- **ABOUT THIS EXERCISE**
Write each line exactly as it stands, from the line containing "Model wearing one" through the end of the data.

*** RECORDED INFORMATION ***

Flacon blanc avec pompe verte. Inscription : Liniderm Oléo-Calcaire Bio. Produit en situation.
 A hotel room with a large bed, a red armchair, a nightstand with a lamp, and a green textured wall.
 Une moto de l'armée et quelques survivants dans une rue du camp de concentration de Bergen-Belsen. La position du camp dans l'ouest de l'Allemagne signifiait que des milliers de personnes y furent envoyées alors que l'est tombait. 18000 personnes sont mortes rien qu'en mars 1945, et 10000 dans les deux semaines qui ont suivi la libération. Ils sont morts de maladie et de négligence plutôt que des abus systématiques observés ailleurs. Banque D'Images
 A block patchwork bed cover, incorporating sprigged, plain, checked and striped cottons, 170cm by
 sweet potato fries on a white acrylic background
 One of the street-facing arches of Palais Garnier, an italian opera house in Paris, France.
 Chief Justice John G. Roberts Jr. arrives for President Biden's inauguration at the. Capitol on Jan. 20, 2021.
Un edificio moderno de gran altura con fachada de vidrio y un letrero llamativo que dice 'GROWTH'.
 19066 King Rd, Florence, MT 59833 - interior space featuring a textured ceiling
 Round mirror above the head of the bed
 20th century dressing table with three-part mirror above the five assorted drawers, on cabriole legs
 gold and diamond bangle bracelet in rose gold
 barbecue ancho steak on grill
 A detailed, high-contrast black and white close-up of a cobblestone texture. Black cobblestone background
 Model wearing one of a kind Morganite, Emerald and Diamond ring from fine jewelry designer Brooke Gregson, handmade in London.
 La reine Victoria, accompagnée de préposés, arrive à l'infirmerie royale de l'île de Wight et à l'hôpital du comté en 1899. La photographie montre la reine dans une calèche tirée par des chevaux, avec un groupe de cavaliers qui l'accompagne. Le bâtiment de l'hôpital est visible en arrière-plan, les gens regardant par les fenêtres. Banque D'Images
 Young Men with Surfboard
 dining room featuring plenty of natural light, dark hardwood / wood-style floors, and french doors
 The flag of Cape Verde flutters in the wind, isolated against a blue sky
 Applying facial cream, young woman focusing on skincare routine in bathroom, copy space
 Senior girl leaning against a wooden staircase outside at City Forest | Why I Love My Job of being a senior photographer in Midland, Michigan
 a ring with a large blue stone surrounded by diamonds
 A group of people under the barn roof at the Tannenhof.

***

- **SOLUTION TO THIS PROBLEM**
 Model wearing one of a kind Morganite, Emerald and Diamond ring from fine jewelry designer Brooke Gregson, handmade in London.
 La reine Victoria, accompagnée de préposés, arrive à l'infirmerie royale de l'île de Wight et à l'hôpital du comté en 1899. La photographie montre la reine dans une calèche tirée par des chevaux, avec un groupe de cavaliers qui l'accompagne. Le bâtiment de l'hôpital est visible en arrière-plan, les gens regardant par les fenêtres. Banque D'Images
 Young Men with Surfboard
 dining room featuring plenty of natural light, dark hardwood / wood-style floors, and french doors
 The flag of Cape Verde flutters in the wind, isolated against a blue sky
 Applying facial cream, young woman focusing on skincare routine in bathroom, copy space
 Senior girl leaning against a wooden staircase outside at City Forest | Why I Love My Job of being a senior photographer in Midland, Michigan
 a ring with a large blue stone surrounded by diamonds
 A group of people under the barn roof at the Tannenhof.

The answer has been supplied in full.